Cette année, le thème des émissions SEPAC est « Boissons locales ». Aux Îles Féroé, le lauréat est incontestablement la brasserie Föroya Bjór qui depuis près de 150 ans fournit des boissons à la nation, à savoir une gamme complète de bières, de sodas et, plus récemment, d’alcools qui cognent un peu plus fort.

1888 – Símun í Vági
C’est en 1883 que Simon Frederik Hansen, appelé Símun í Vági, 20 ans, part au Danemark pour apprendre le métier de boulanger. En même temps, il apprend l’art de brasser la bière.
De retour au pays en 1888, Símun í Vági crée sa propre boulangerie et, la même année, il se lance dans la fabrication de bière depuis la cave de sa maison à Vágur (qui de nos jours s’appelle Klaksvík). Nous ne savons pas quelle sorte de bière il brassait, ni sa qualité, mais elle a probablement été savoureuse avec un bon degré d’alcool, car ce fut le début de Föroya Bjór qui, avec le temps, est devenu la première brasserie de l’archipel.
Símun í Vági est une personnalité entreprenante et de surcroît créative. Il n’est pas seulement boulanger et brasseur, il est également agriculteur et armateur. Et il a lui-même dessiné le logo iconique de Föroya Bjór, le bélier qui est à l’effigie de notre timbre-poste.

La planche savonnée
Le libre-échange créa des problèmes d’alcoolisme chez nous et, vers 1900, la ligue antialcoolique commençait à prendre de l’ampleur.
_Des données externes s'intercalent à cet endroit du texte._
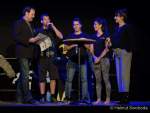 d171109-114820-500-100-tollwood_programm-pk d171109-114820-500-100-tollwood_programm-pk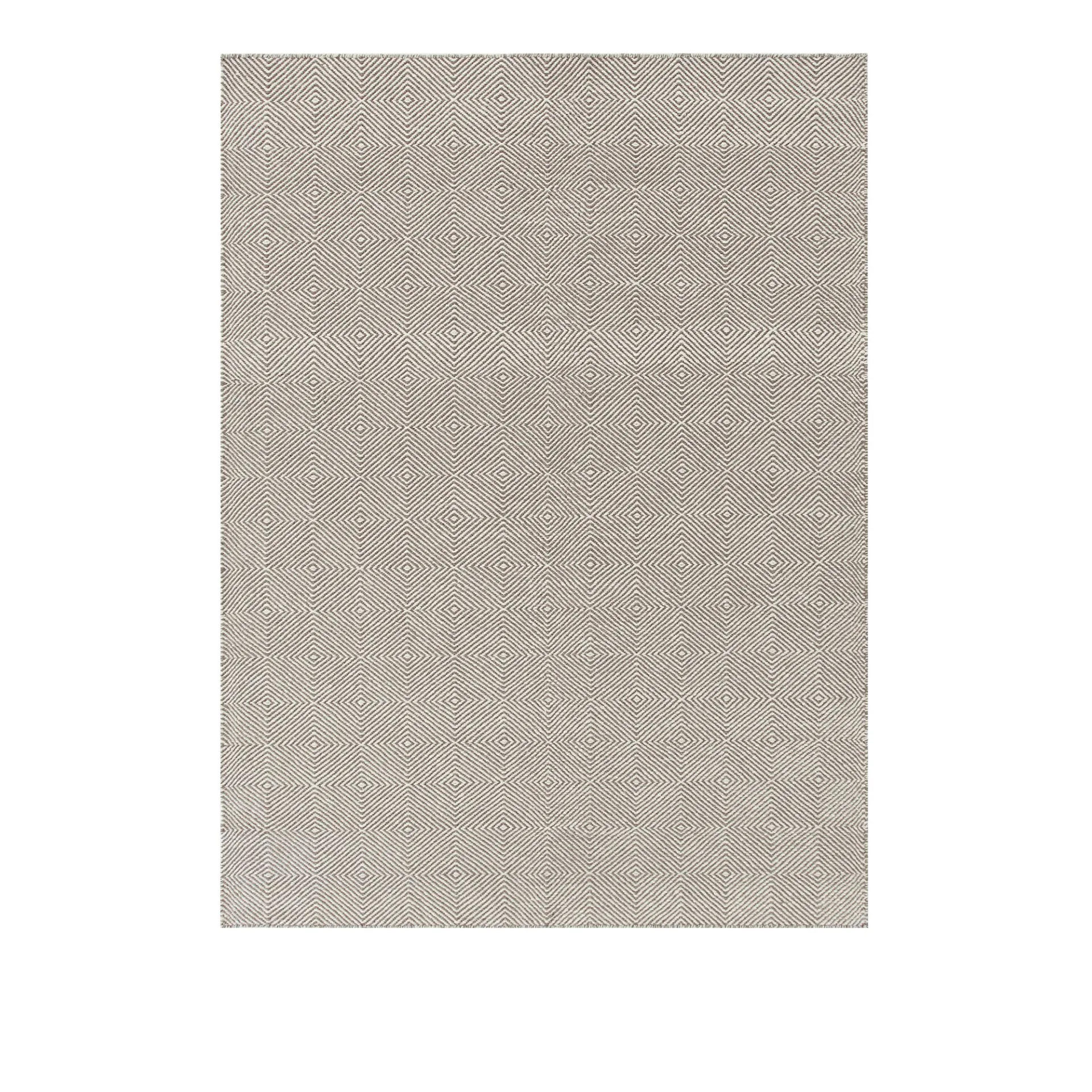 Sail Rug Taupe - GAN - NO GA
Suite à un referendum en 1907, il devenait illégal de brasser aux Îles Féroé une bière de plus de 2,7°. Föroya Bjór et les autres brasseries locales ne pouvaient produire que des bières légères de type pils et blanche. Mais le paradoxe était que les Féroïens avaient le droit d’importer des bières plus fortes du Danemark, c’était seulement sur place que l’on n’avait pas le droit de les brasser. La même chose était valable pour le vin et les eaux de vie.
Pour Símun, tout allait de mal en pire. La première Guerre Mondiale apporta son lot de conditions difficiles ici et partout dans le monde et, en 1929, le krach boursier de Wall Street provoqua encore une crise financière mondiale qui persista jusque dans les années 30. Les difficultés de l’époque touchaient évidement la petite brasserie de Klaksvík, mais Símun réussit à naviguer entre les défis et sauva son entreprise tant bien que mal.

Einar le vieux
Símun í Vági mourut en 1935. Avec sa femme Karin, il eut huit enfants. Ce fut le numéro quatre, Einar Fróvin Waag, qui prit la direction de la brasserie. Le fils avait hérité de son père un esprit visionnaire et entreprenant et, dès 1936, il investit auprès de l’entreprise Smæran à Tórshavn dans du matériel de fabrication de sodas.
Cette nouvelle production donna le bond nécessaire à Föroya Bjór qui, sous la gouvernance d’Einar, se développa de petite entreprise artisanale en une grande entreprise moderne et industrielle. En 1952, Einar construisit une nouvelle usine à proximité de l’ancienne brasserie et, durant les années 1950 et 1960, l’usine fut agrandie plusieurs fois.

Einar le jeune
En 1968, le fils d’Einar, Einar Waag le jeune, partit à Munich pour se former comme maître brasseur. Deux ans après, en 1970, il prit, à seulement 23 ans, la direction de Föroya Bjór avec comme copropriétaire son frère Heini. En 2008 il racheta la part de Heini et devint seul propriétaire de l’entreprise. Annika Waag, la fille d’Einar et représentante de la quatrième génération de brasseurs, est maintenant directrice des opérations et du développement dans cette brasserie familiale.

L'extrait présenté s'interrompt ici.